Played Shady Grove in a pub in Dublin last night as it goes...  :Mandosmiley: 

Dm / C / Dm / F / C / C / Dm

As close as possible to the way Grisman and Garcia version goes would be my favourite approach.

The Bluegrassy major version sounds really too happy and cheesy to my ear.

----------


## Earl Gamage

Agree with you Aran,  I'll try it your way too.  Cool to have a connection to Irish pub music.

----------


## mandocrucian

FYI - *Hot Solos For Bluegrass Mandolin* (book w/cd) includes _"Shady Grove"_ in the key of Dm: Melody (clawhammer style mando), Harmony (clawhammer), plus four 16 bar solos.  (Also includes multiple solos for 5 other tunes: _"Wabash Cannonball". "East TN Blues", "John Hardy", "Cripple Creek"_ and _"In The Pines"_)



NH

----------


## AlanN

And a very good book it is.

----------


## G'DAE

Dm                    C              Dm                      

Lips are red as a bloomin rose eyes are the prettiest brown

F                     C

She's the dar'lin of my heart

Am                       Dm

The sweetest gal in town

I'm not sure how to get the chords over the words correctly. (sorry!)

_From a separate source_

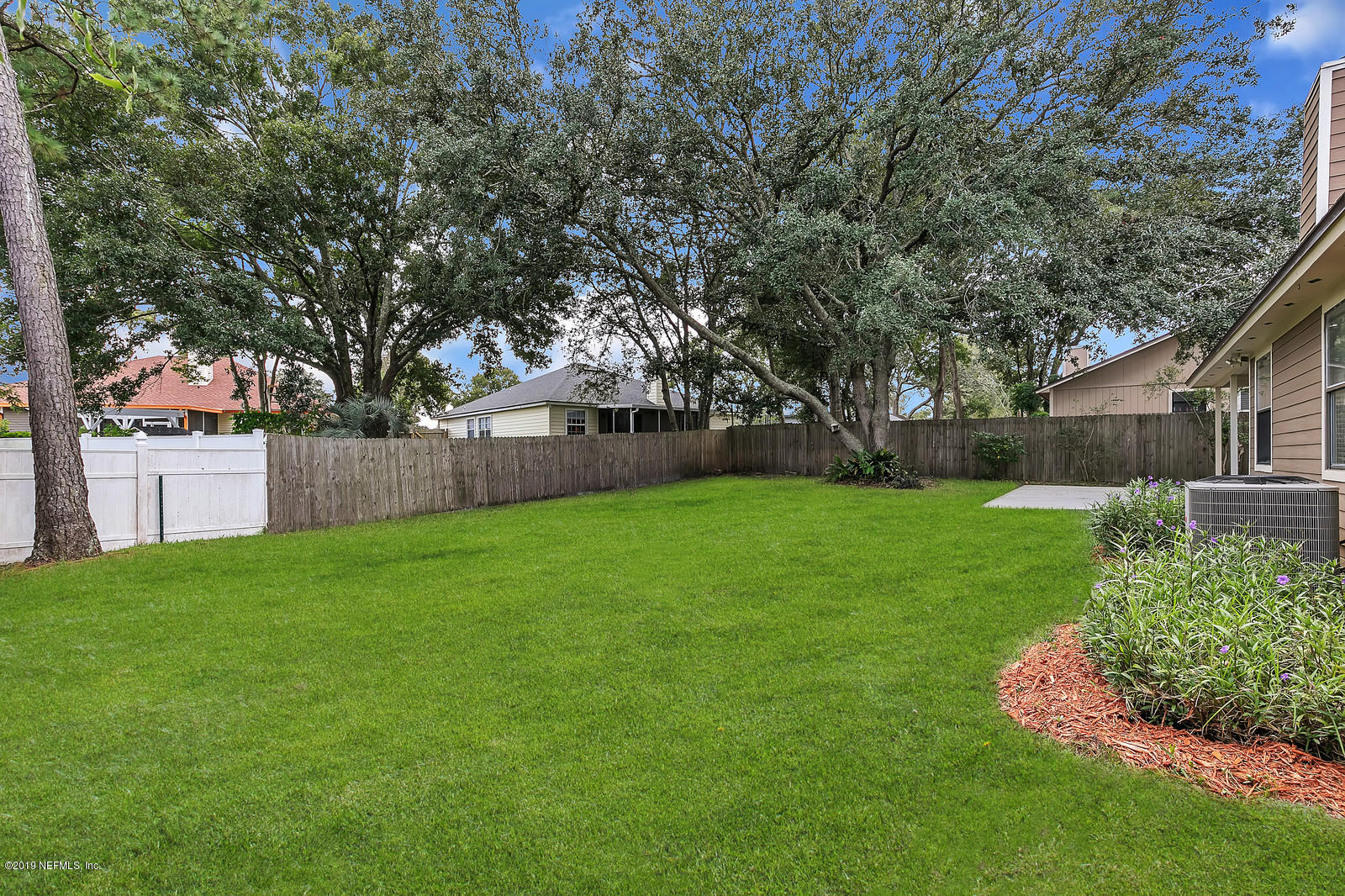 12436 Running River Road South Jacksonville, FL 32225 - Photo 25 of 25 a view of a house with a backyard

note: The Am really makes it!

Bob.

----------


## G'DAE

ARAN That last C should be the Am. Try it!
Bob.

----------


## Earl Gamage

I hear:

Lips Dm
bloomin C
Brown Dm

she's F
of C

The Am
town Dm


My ear's just getting able to place chord changes so if that's not right it's ok to correct me.

----------


## G'DAE

Not quite.EarlG.

Lips Dm
Bloomin C
Eyes Dm
Shes F
of C
The Am
town Dm

looks like you put one in late.
Bob.

----------


## Earl Gamage

Ok, I like that last arrangement.   That leads me to the next question:  In Dm can you/should you use the F pentatonic scale (leaving out 4&7) but lower the A to Ab to solo?

I tried the F scale but it sounds too happy against the Dm.

I think I just realized I have to change to a minor pentatonic scale with a D root, is that correct?

Still wonder if my lowering the 3rd note idea would work though.

----------


## mannc385

Something a little different also, just having fun with it.  The others work but just played around and heard this.

(Dm) Lips are red as a (C) blooming rose

(Dm) Eyes are prettiest (Am) Brown

(F) She's the darl'in (C) of my heart

(Dm) The sweetest (Am) gal in (Dm) town.

Probably something I got left over from doing it Bluegrass.

----------